*DATA SUPPLIED*.

^^^^

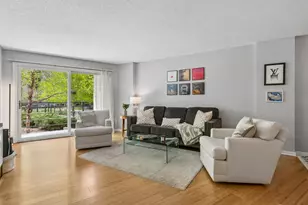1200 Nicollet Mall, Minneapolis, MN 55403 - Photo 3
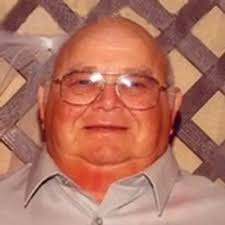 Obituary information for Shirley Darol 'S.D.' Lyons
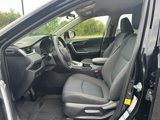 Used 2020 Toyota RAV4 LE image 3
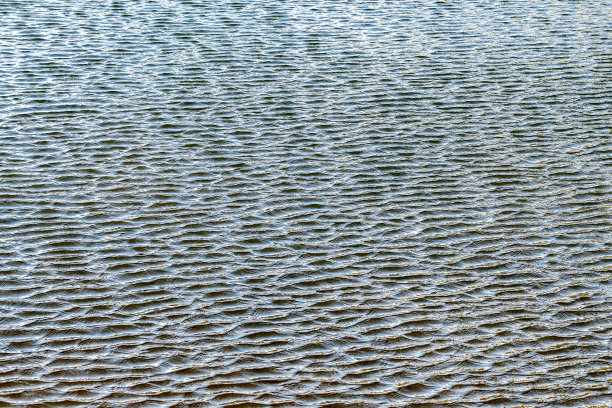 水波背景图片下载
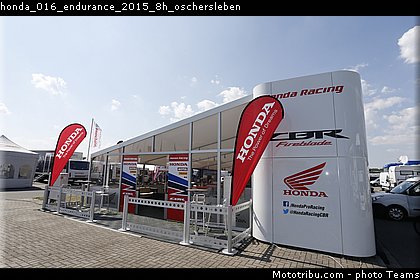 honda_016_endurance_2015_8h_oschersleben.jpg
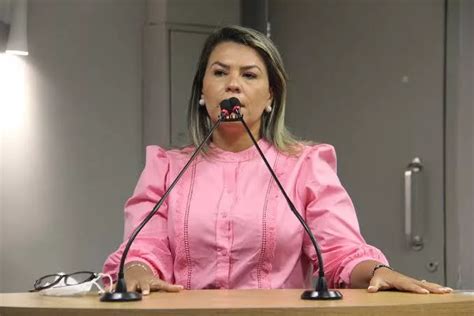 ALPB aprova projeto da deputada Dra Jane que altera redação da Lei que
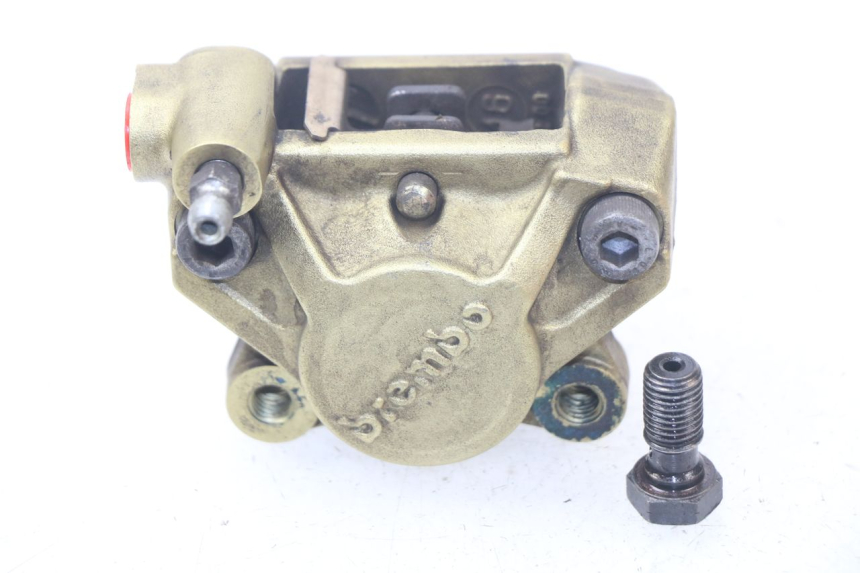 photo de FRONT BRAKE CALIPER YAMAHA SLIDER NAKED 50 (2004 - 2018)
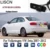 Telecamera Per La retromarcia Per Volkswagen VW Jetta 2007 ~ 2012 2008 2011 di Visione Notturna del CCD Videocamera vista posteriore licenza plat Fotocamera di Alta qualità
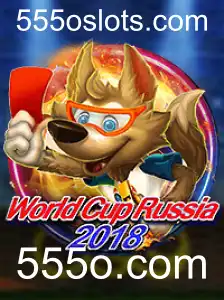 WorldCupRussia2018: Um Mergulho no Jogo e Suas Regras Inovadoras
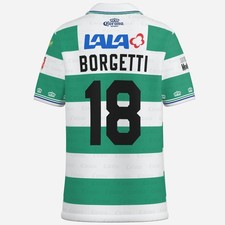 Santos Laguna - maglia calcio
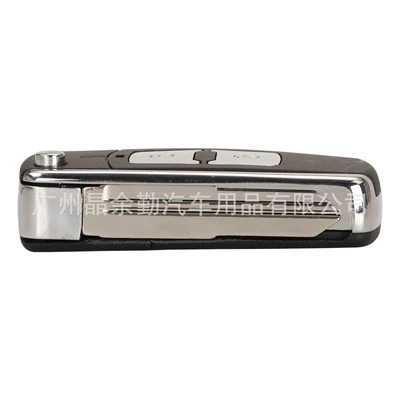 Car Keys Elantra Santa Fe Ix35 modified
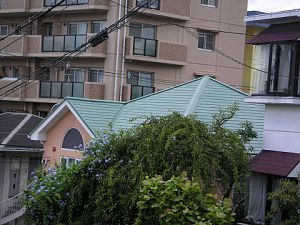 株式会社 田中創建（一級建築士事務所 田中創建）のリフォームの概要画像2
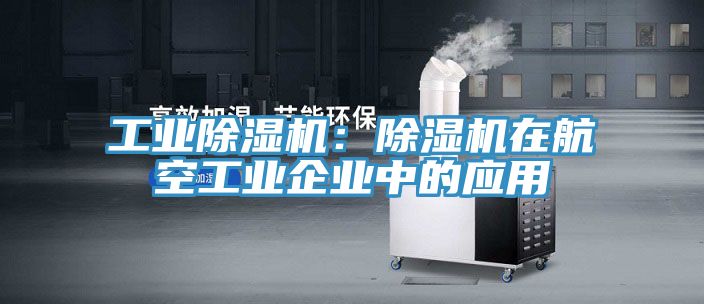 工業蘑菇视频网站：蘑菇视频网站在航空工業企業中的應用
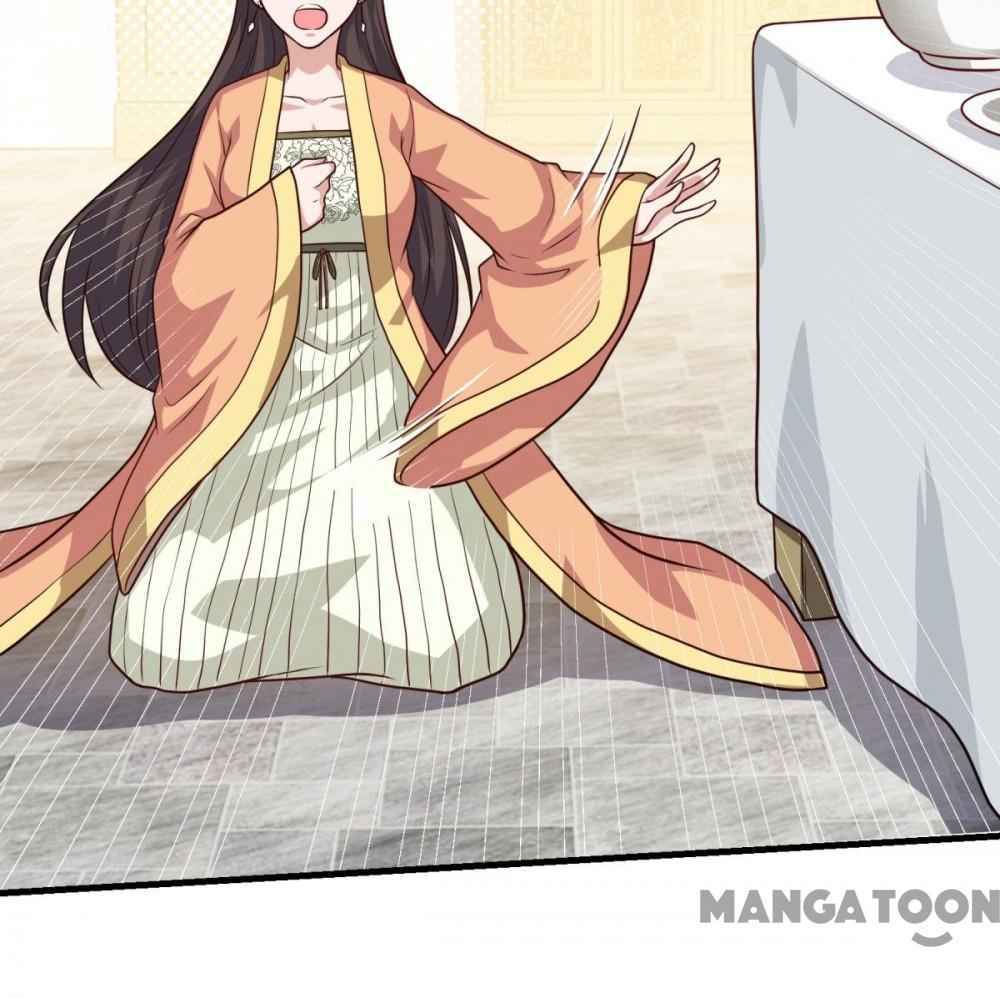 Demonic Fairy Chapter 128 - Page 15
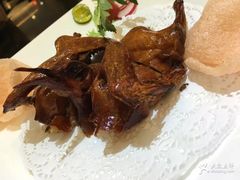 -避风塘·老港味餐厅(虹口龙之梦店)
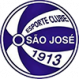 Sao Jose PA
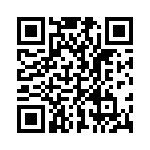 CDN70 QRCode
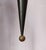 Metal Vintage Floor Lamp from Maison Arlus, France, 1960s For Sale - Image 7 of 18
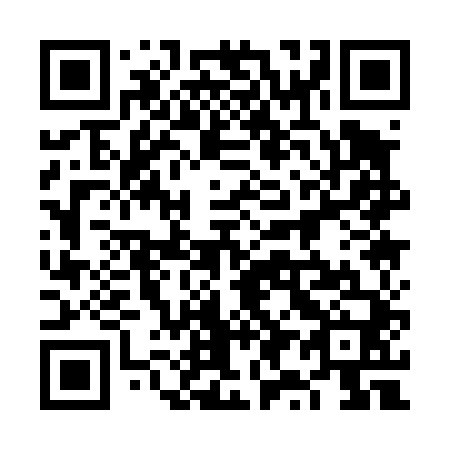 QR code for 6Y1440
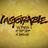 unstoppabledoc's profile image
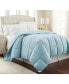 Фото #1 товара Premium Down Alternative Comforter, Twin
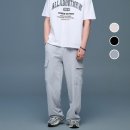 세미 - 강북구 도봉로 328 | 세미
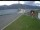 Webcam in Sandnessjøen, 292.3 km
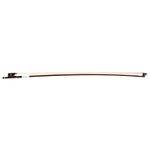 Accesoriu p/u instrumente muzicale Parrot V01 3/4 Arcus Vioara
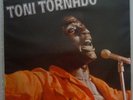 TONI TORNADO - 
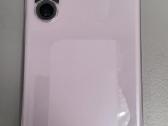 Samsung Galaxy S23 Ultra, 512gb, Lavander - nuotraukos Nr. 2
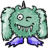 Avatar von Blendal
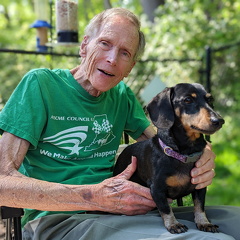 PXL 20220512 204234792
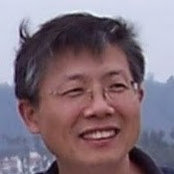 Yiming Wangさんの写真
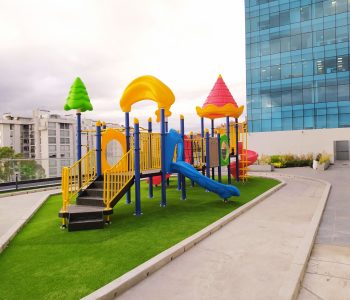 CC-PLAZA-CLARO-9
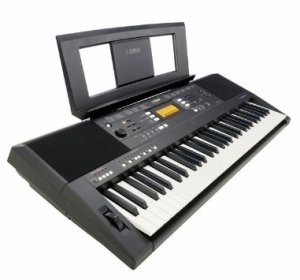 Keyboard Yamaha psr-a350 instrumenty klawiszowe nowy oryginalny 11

^^^^

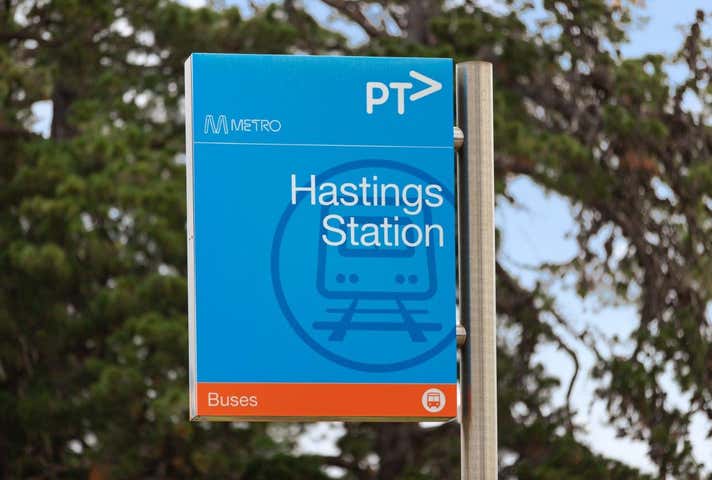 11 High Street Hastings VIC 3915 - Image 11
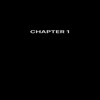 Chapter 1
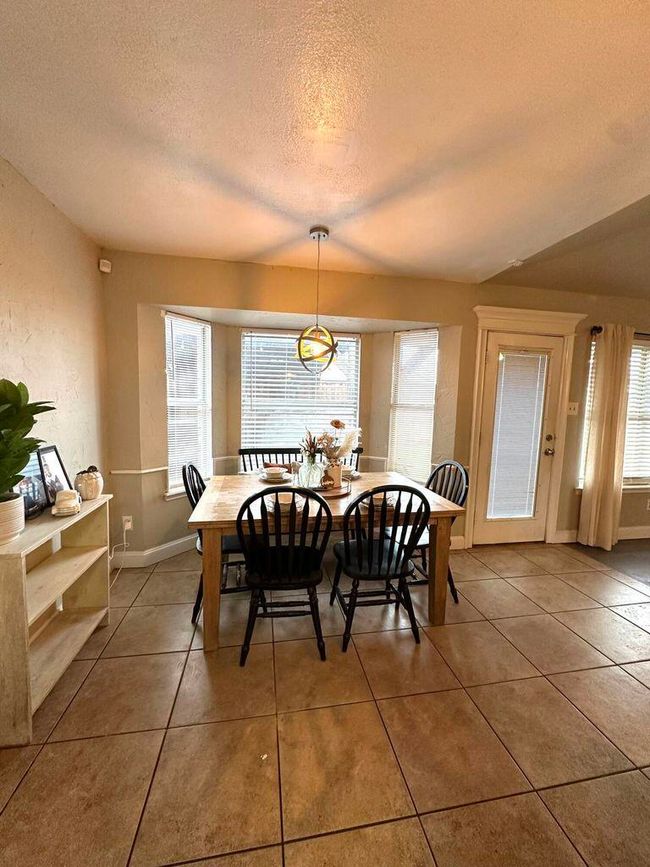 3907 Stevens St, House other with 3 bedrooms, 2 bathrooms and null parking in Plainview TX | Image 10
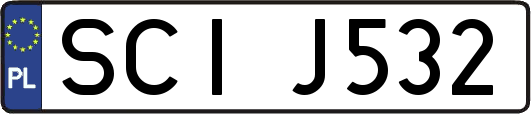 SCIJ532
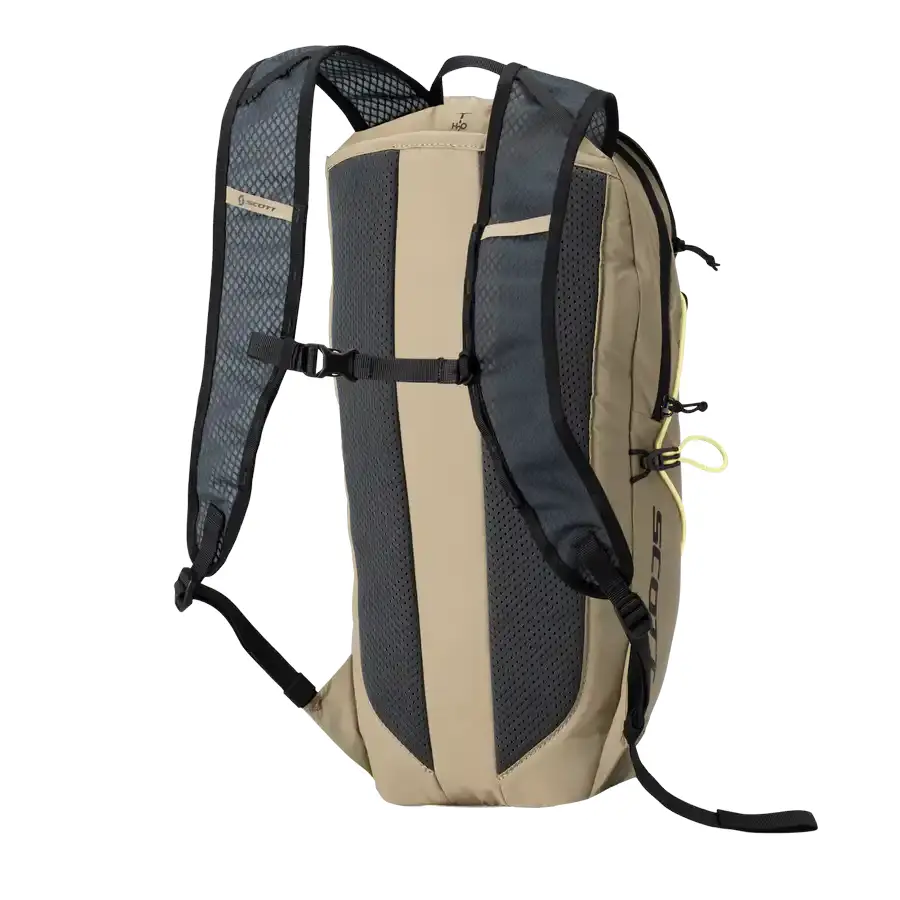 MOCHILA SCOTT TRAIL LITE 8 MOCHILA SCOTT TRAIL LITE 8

^^^^

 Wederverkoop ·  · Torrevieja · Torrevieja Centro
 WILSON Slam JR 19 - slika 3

^^^^

Starting at the line above with "CC-PLAZA-CLARO-9", output every line exactly up to and including the line with "Keyboard Yamaha psr-a350", but none of the pictures.

 CC-PLAZA-CLARO-9
 Keyboard Yamaha psr-a350 instrumenty klawiszowe nowy oryginalny 11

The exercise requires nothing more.